KediriNews.com – Di tengah perkembangan industri perawatan bayi, kebutuhan akan produk yang aman dan efektif semakin meningkat. Salah satu solusi yang kini sedang ramai dibicarakan adalah bedak bayi yang mampu menjaga kulit bayi tetap halus dan bebas dari biang keringat. Di Kecamatan Pare, Jawa Timur, berbagai inisiatif telah dilakukan untuk memastikan kesehatan kulit bayi sejak dini. Menurut informasi terbaru, pada tanggal 15 September 2025, beberapa puskesmas dan posyandu setempat akan menggelar program edukasi tentang penggunaan bedak bayi yang tepat.
“Bedak bayi tidak hanya berfungsi sebagai penyerap keringat, tetapi juga membantu mencegah iritasi kulit akibat gesekan popok,” ujar Dr. Siti Aminah, dokter spesialis anak di Puskesmas Pare. “Pemilihan bahan yang alami dan bebas paraben sangat penting agar tidak menimbulkan reaksi alergi pada kulit bayi.”
Berikut adalah beberapa langkah penting dalam merawat kulit bayi menggunakan bedak:
-
Pilih Bedak dengan Bahan Alami
Pastikan bedak bayi yang digunakan terbuat dari bahan alami seperti talcum atau bahan organik lainnya.
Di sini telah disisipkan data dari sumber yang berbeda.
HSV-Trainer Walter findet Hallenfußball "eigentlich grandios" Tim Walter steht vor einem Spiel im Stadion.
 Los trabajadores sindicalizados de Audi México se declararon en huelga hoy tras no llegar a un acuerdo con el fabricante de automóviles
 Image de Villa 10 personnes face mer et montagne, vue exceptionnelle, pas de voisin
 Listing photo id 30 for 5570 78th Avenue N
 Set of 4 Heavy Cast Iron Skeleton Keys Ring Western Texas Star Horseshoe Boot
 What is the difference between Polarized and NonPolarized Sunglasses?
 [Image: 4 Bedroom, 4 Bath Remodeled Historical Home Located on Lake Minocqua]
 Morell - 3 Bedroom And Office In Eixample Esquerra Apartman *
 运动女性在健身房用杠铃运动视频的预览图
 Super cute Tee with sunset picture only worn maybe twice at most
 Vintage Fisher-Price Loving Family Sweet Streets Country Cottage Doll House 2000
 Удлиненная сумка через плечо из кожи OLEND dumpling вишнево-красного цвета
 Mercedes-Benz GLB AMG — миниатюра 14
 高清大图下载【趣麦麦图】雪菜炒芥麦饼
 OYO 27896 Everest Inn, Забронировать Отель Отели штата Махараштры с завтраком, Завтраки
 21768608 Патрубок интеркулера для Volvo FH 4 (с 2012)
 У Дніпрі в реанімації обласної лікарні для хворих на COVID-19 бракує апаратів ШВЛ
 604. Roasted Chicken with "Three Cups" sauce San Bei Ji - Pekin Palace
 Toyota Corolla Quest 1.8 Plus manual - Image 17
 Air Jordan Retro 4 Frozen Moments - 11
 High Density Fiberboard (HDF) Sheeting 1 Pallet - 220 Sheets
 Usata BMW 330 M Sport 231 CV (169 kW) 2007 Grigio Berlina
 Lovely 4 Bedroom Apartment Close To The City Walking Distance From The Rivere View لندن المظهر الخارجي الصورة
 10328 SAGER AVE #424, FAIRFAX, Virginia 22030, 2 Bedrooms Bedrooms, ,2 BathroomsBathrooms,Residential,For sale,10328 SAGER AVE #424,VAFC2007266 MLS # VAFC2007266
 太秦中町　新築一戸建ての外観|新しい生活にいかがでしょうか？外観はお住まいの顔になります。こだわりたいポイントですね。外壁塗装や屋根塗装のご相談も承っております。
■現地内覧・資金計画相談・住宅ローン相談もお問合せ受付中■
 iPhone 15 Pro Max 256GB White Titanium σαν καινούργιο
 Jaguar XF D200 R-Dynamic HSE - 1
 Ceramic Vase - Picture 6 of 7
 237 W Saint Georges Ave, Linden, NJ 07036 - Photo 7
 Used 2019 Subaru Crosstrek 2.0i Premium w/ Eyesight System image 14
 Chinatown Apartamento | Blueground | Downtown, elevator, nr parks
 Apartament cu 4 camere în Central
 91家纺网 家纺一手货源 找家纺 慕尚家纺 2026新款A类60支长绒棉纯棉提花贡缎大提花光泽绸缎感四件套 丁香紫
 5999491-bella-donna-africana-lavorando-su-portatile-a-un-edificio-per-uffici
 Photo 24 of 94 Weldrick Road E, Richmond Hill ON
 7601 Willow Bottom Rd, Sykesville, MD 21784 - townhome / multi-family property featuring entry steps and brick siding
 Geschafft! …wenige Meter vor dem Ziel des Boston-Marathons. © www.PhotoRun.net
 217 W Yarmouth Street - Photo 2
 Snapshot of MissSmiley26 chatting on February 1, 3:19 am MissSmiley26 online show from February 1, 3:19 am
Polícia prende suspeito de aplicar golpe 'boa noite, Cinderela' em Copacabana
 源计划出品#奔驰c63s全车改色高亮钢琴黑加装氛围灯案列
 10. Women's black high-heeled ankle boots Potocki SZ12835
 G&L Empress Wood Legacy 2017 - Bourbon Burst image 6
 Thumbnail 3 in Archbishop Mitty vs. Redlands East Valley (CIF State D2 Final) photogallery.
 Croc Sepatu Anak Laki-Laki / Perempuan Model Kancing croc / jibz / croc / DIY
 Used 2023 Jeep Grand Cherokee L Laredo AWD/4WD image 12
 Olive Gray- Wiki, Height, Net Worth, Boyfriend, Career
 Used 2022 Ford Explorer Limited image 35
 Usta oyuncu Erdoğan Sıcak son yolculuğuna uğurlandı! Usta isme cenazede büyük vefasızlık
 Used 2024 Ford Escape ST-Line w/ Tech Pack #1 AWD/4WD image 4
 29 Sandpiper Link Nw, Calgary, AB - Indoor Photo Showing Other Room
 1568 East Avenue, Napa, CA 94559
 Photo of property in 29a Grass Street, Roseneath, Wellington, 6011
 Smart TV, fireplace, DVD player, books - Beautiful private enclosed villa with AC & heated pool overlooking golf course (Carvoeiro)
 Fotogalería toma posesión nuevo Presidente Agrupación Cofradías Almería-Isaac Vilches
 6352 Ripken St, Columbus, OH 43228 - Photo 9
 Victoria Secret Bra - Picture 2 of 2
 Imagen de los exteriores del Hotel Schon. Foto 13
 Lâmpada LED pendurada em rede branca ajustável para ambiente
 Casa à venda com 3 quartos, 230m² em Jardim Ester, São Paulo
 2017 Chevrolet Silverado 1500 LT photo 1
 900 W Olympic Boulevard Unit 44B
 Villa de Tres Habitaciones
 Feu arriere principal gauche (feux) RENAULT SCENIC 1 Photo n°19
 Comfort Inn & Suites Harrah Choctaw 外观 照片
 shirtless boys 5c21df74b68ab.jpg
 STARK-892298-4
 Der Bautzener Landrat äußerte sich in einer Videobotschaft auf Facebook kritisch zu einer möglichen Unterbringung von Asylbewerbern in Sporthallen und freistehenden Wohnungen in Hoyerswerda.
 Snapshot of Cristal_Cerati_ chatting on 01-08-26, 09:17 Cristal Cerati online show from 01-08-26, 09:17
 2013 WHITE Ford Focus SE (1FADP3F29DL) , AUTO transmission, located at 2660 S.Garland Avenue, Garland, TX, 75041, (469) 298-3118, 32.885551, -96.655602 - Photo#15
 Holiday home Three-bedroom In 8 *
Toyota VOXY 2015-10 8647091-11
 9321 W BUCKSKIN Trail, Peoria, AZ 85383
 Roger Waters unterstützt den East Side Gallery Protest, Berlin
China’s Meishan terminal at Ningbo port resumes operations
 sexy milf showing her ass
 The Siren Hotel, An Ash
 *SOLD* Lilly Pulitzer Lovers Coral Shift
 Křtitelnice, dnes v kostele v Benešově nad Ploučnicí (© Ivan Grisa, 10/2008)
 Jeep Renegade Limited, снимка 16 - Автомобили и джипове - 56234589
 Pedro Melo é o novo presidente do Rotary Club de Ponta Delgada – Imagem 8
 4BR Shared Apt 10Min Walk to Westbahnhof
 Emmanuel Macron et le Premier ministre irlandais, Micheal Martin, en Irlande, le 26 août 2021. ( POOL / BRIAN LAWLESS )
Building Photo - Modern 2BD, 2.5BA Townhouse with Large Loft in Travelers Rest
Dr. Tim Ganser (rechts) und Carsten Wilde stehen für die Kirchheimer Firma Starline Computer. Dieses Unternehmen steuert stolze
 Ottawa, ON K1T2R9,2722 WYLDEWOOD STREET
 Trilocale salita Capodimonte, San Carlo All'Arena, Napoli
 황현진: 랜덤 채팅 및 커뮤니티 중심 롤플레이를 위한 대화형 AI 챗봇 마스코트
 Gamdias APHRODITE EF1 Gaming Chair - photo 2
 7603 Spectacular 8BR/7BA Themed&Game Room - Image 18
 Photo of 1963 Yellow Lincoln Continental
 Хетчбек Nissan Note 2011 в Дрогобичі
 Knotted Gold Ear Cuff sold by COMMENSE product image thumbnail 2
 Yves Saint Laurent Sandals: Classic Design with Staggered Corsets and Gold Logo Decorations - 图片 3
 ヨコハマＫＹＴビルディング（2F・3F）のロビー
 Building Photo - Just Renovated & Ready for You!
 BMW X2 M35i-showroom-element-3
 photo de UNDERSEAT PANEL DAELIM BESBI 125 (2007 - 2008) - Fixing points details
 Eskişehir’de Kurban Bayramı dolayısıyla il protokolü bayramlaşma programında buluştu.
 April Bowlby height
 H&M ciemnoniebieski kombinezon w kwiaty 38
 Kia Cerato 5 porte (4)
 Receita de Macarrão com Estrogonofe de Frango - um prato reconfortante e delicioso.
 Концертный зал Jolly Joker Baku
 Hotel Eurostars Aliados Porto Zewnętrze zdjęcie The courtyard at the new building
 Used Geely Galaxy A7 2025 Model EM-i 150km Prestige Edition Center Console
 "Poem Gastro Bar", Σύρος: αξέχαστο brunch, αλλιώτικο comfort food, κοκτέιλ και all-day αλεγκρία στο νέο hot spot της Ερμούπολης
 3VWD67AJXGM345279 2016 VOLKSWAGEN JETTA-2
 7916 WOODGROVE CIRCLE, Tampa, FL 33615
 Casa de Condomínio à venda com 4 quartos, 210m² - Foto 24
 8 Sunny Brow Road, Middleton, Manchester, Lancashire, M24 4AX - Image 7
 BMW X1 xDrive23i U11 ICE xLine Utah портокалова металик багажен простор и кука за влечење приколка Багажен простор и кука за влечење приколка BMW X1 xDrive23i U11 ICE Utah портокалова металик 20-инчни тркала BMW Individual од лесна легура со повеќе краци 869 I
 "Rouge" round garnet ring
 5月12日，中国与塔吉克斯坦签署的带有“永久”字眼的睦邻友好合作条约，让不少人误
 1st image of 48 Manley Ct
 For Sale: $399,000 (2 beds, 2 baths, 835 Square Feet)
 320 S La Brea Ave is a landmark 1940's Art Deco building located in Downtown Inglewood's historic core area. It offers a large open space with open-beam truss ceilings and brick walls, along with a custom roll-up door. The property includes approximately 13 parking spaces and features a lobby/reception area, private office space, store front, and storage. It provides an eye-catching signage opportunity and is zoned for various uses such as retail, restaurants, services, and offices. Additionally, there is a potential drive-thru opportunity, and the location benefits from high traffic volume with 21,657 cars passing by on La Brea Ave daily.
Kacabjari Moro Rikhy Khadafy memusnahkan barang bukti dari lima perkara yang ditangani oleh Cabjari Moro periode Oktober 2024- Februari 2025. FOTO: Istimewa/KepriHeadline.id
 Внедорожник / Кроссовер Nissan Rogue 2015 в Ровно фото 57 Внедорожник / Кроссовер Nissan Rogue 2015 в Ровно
Hindari produk yang mengandung paraben, pewangi, atau bahan kimia keras yang bisa mengiritasi kulit bayi. -
Gunakan Secara Teratur
Oleskan bedak secara merata pada area yang rentan terkena biang keringat, seperti paha dan daerah popok. Namun, jangan terlalu banyak karena dapat menyebabkan kulit menjadi lengket dan tidak nyaman. -
Jaga Kebersihan Bayi
Mandikan bayi dengan air hangat dan gunakan sabun bayi yang lembut. Setelah mandi, keringkan tubuh bayi dengan cara ditepuk lembut, bukan digosok, untuk menghindari iritasi. -
Perhatikan Sirkulasi Udara
Pastikan ruangan tempat bayi berada memiliki sirkulasi udara yang baik. Hindari pakaian yang terlalu ketat atau bahan sintetis yang bisa membuat kulit bayi panas dan berkeringat. -
Konsultasikan dengan Dokter
Jika kulit bayi mengalami iritasi atau reaksi alergi, segera konsultasikan dengan dokter anak. Tidak semua jenis bedak cocok untuk semua bayi, terutama yang memiliki kulit sensitif.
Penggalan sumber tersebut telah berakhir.